***** Data records *****
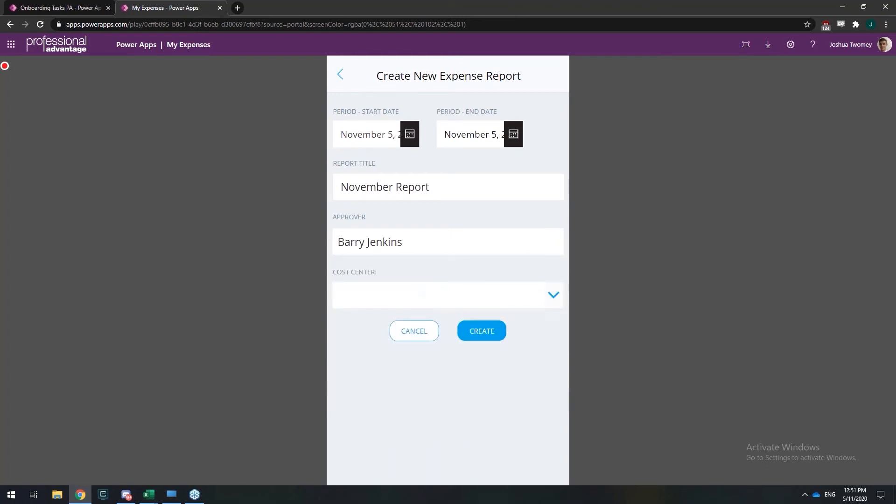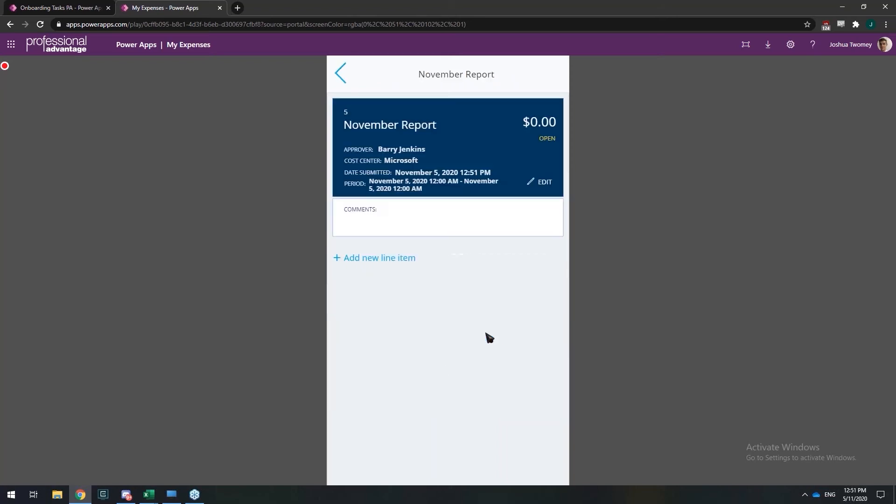So if you're familiar with ADP and have ever created an expense report before, this information should be familiar. So I've just created a report there. I can add comments if I wish.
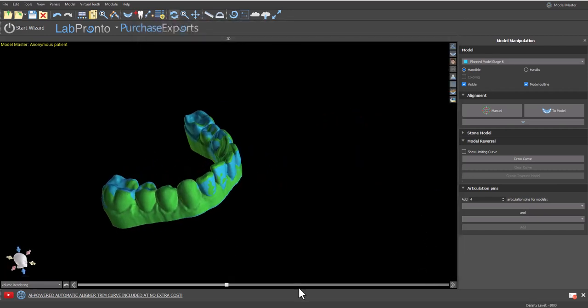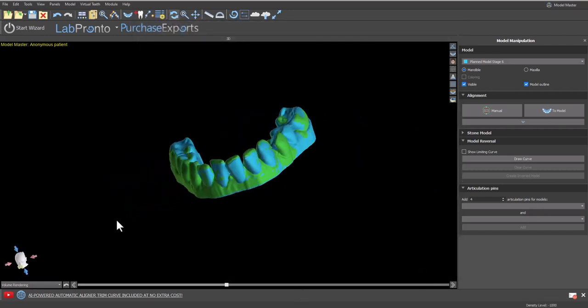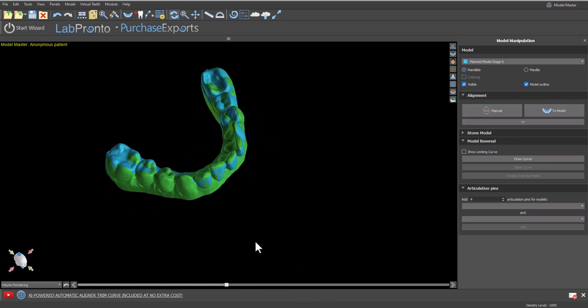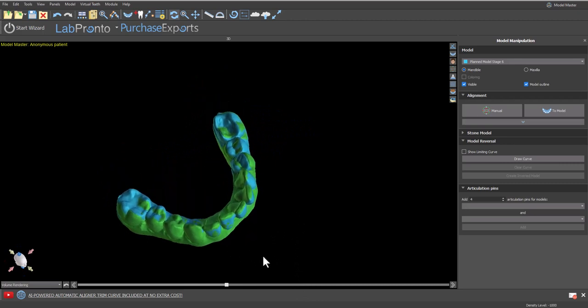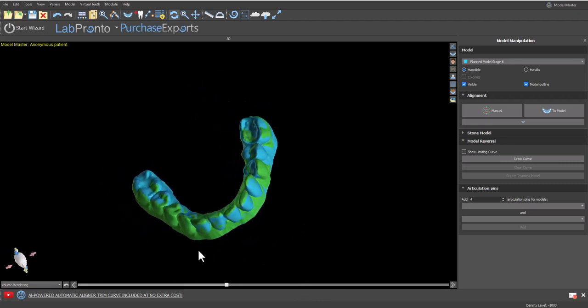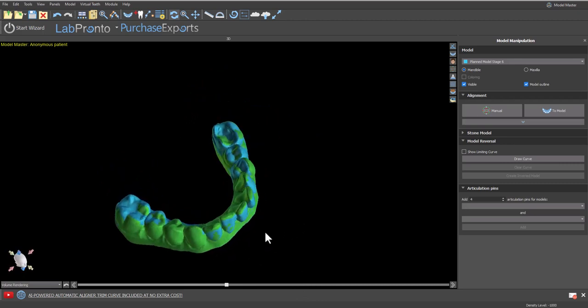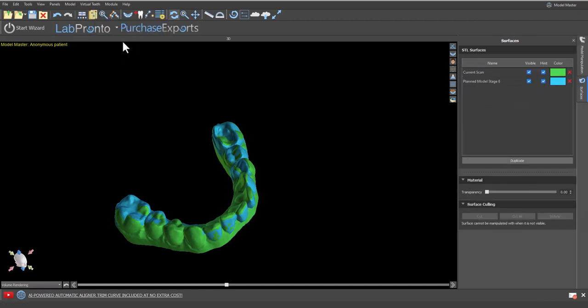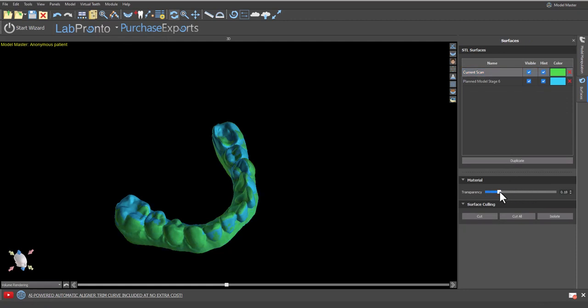And here we have the corresponding alignments between the two models. We can visualize any deviation between the digital model from the plan and the model of the actual patient teeth. We can improve the visualization of any deviation by going to the surfaces panel, selecting the relevant model, and using the slider to increase or decrease transparency.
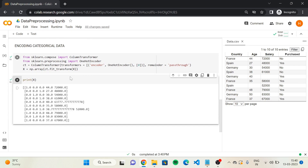Now let's run the cell. We can see exactly what was expected — we no longer have the first country column with text. We have three new columns where each row encodes one of the three countries. France is encoded as 1-0-0, Spain as 0-0-1, and Germany as 0-1-0. That's exactly the idea of one-hot encoding — we turn countries into numerical values without creating a numerical order.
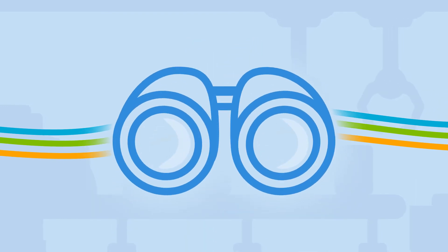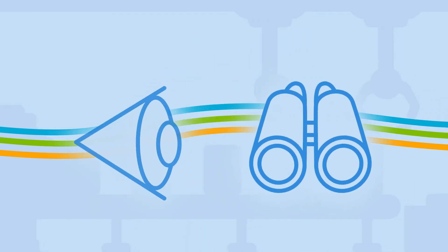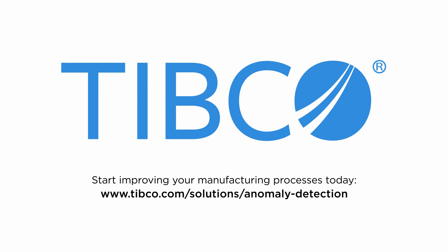Is your company ready to power next-generation solutions like anomaly detection? Check out TIBCO's unique solutions and start improving your manufacturing processes today.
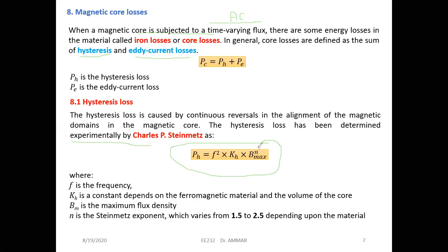Bmax is the maximum flux density. The exponent n is the Steinmetz exponent, which varies from 1.5 to 2.5 depending on the material. We have no analytical proof of this expression — it was determined experimentally by Steinmetz. This is the expression for hysteresis losses.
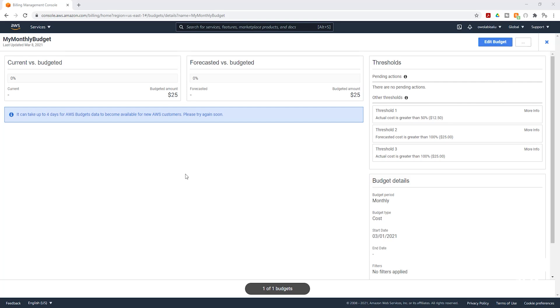This is how you create a budget in your AWS account. If you like this tutorial, please don't forget to like this video and share it. Thank you, and I'll see you in the next tutorial. Bye.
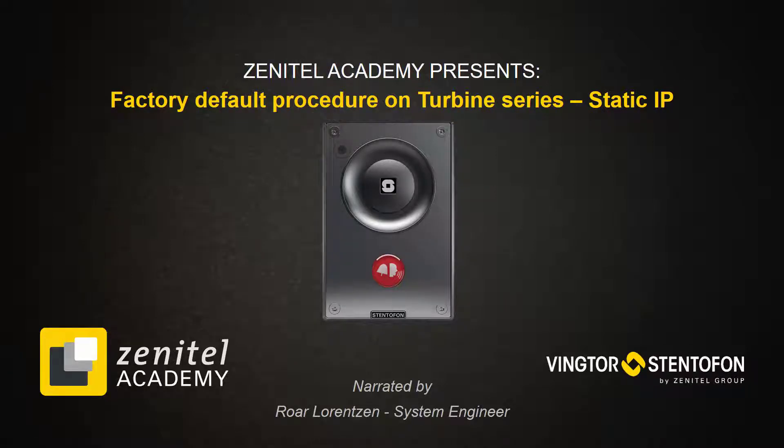Hi and welcome to this short video showing how to perform the factory default procedure on a turbine station resulting in a static IP address.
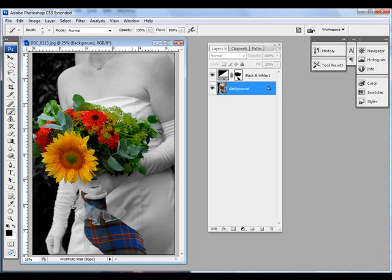After fine-tuning your layer mask, it's time to make any desired final adjustments to your image. Here, I thought the contrast between the brilliantly colored flowers and scarf and the soft black and white background was just a little too stark. So I decided to reduce the saturation of the colored layer to make a softer, more vintage style final product.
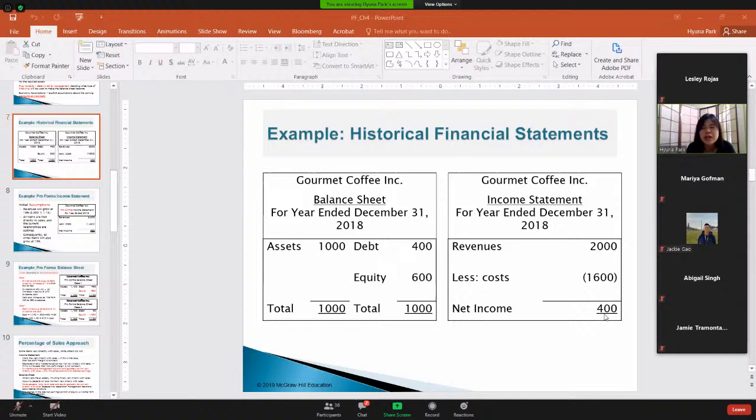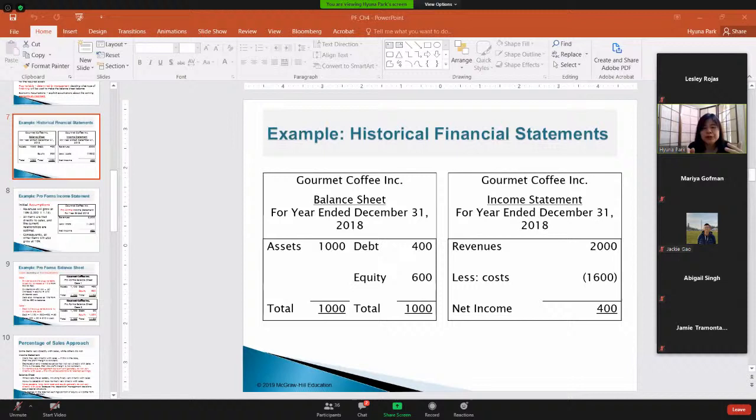Using this information you can also calculate total asset turnover ratios — that's what you learned in the previous chapter. Now we're going to use this simple example to learn how to do planning for the future.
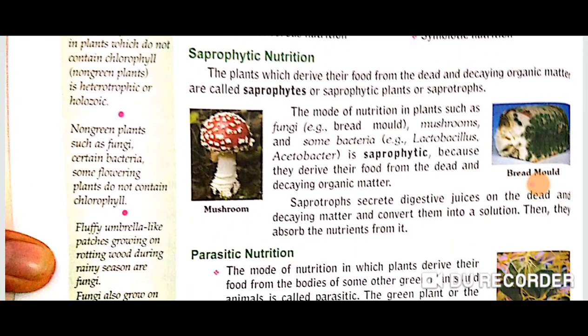The very first type of heterotrophic nutrition is saprophytic nutrition. Here we are describing saprophytic nutrition in plants, not in animals. The plants which derive their food from dead and decaying organic matter are called saprophytes or saprophytic plants, also known as saprotrophs. The mode of nutrition in such plants is known as saprophytic nutrition. Two examples are given: mushroom and bread mold. The green patches on the bread are the bread mold, and both are fungi.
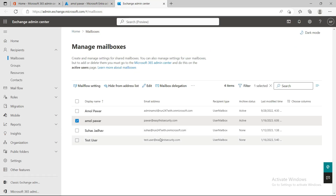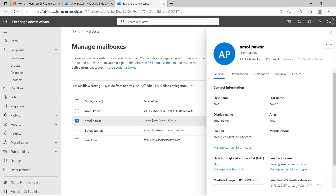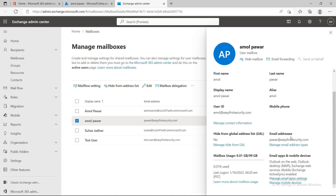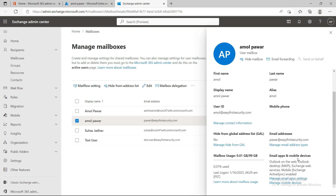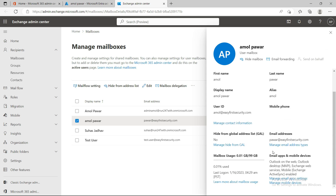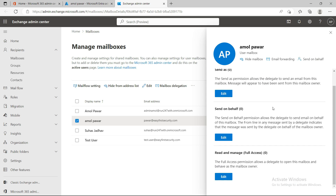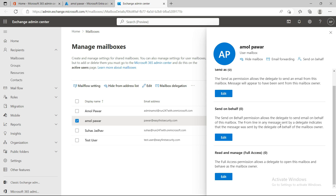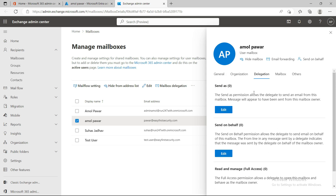Now let's look at delegation. In the delegation section, you'll see three options: Send As, Send On Behalf, and Read and Manage. Each has a different purpose.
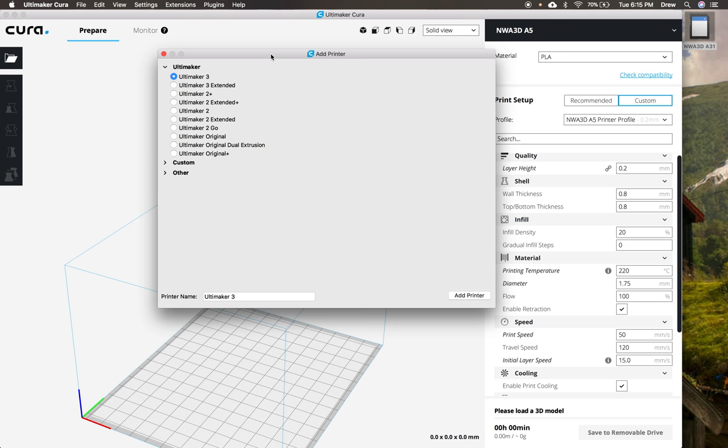Hey everyone, I'm Drew from NWA3D, and we're going to go over how to quickly add the NWA3D A31 in Cura 3.2. This works in Cura 3.2 on both Windows and Mac.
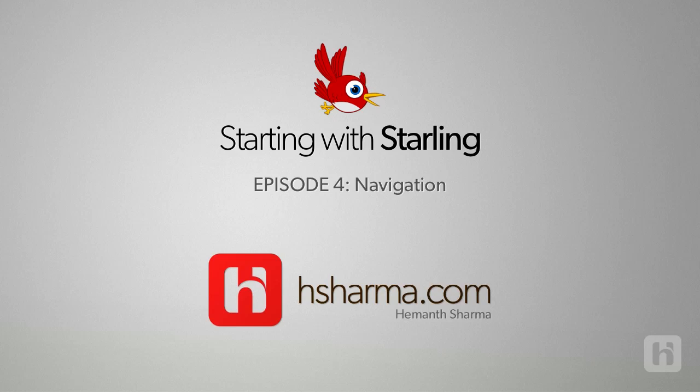Hey guys, welcome back to Starting with Starling tutorial series. This is Hemant, and let's continue today with a little bit of cleaning up of our previous code. We'll be using a little more assets from the sprite sheets we created. We'll also implement the navigation between the welcome screen and the in-game screen. Since I had this cleaning up and navigation to do, I'll handle the parallax scrolling of the in-game background in the next episode.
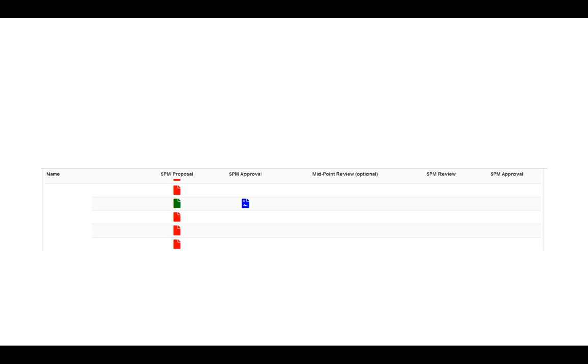When a staff member submits an SPM proposal, you'll notice that the icon turns from red to green. That indicates that someone has submitted a proposal, and the names are whited out on the left, but you will see them.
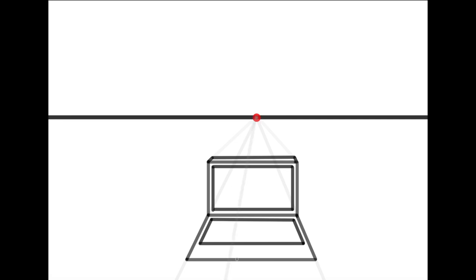Then draw some more orthogonal lines from the vanishing point to the bottom of the page. These will determine the width of the trackpad.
*****
• _Task objective_: Repeat the exact lines from the first line of the data through the line containing "This is how". Nothing else, no pictures.

• _Response box_:
So if you're familiar with ADP and have ever created an expense report before, this information should be familiar. So I've just created a report there. I can add comments if I wish.
And here we have the corresponding alignments between the two models. We can visualize any deviation between the digital model from the plan and the model of the actual patient teeth. We can improve the visualization of any deviation by going to the surfaces panel, selecting the relevant model, and using the slider to increase or decrease transparency.
Now let's run the cell. We can see exactly what was expected — we no longer have the first country column with text. We have three new columns where each row encodes one of the three countries. France is encoded as 1-0-0, Spain as 0-0-1, and Germany as 0-1-0. That's exactly the idea of one-hot encoding — we turn countries into numerical values without creating a numerical order.
Is your company ready to power next-generation solutions like anomaly detection? Check out TIBCO's unique solutions and start improving your manufacturing processes today.
Bmax is the maximum flux density. The exponent n is the Steinmetz exponent, which varies from 1.5 to 2.5 depending on the material. We have no analytical proof of this expression — it was determined experimentally by Steinmetz. This is the expression for hysteresis losses.
This is how you create a budget in your AWS account. If you like this tutorial, please don't forget to like this video and share it. Thank you, and I'll see you in the next tutorial. Bye.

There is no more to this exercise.